- Opening Delimiter -

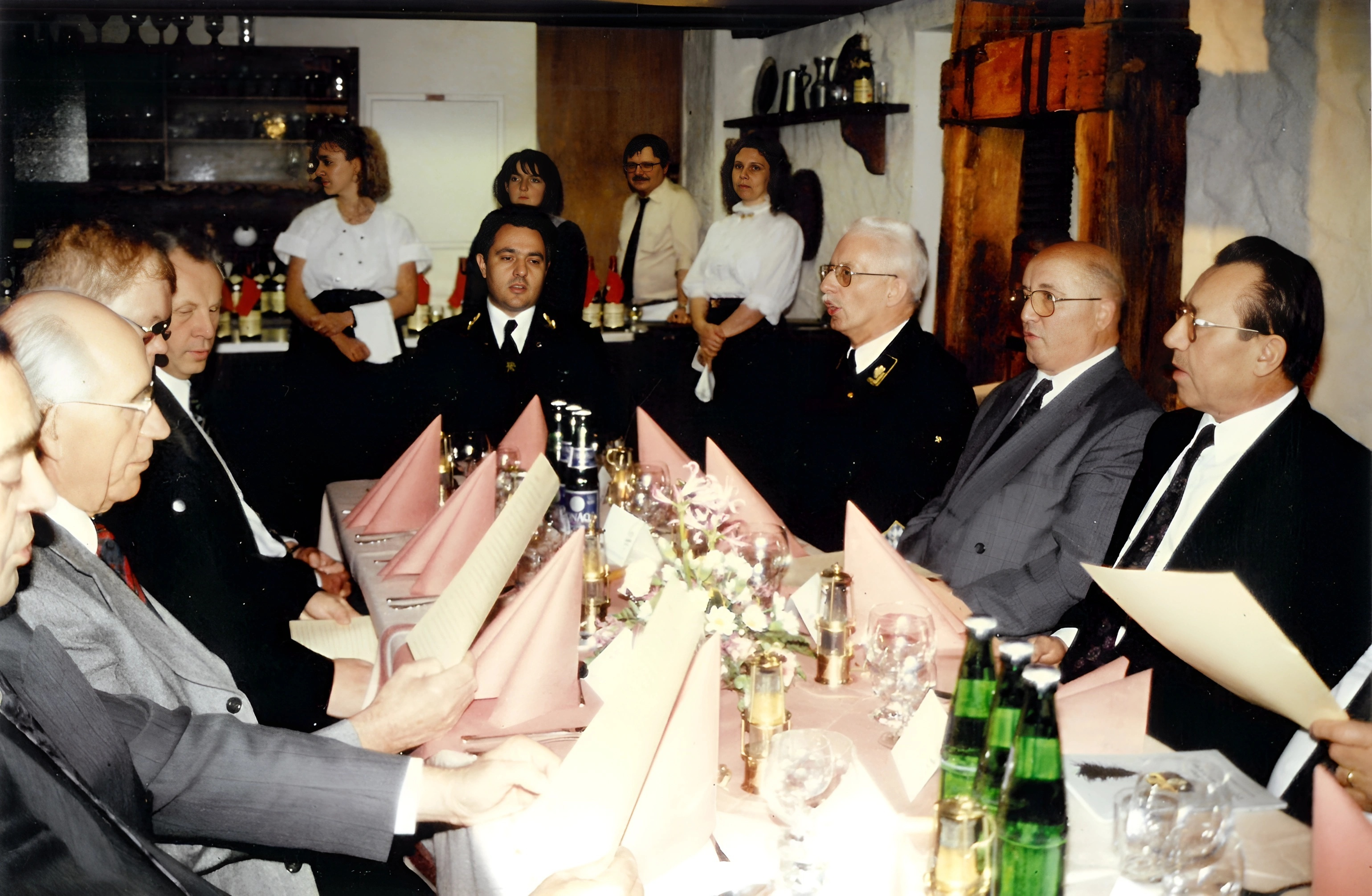 Während der Feier 250 Jahre Tonbergwerk im Haus des Gastes im Jahr 1992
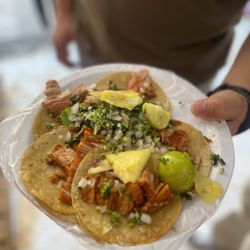 Amor y Tacos - Al Pastor Tacos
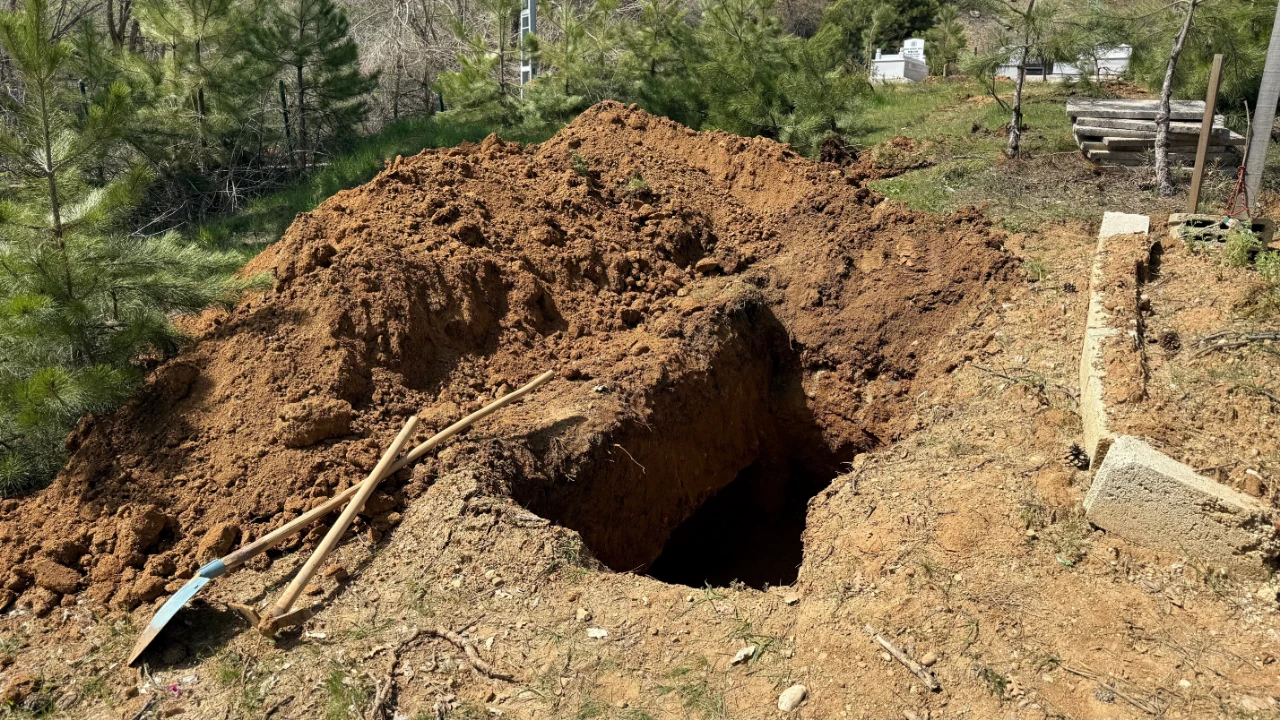 Kahramanmaraş'ta Öğrencilerine Siper Olan Ayla Öğretmen Için Mezar Yeri Hazırlandı (2)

- Closing Delimiter -

● **YOUR OBJECTIVE**
Copy the data precisely. Skip every picture.

● **OUTPUT BELOW**
 Während der Feier 250 Jahre Tonbergwerk im Haus des Gastes im Jahr 1992
 Amor y Tacos - Al Pastor Tacos
 Kahramanmaraş'ta Öğrencilerine Siper Olan Ayla Öğretmen Için Mezar Yeri Hazırlandı (2)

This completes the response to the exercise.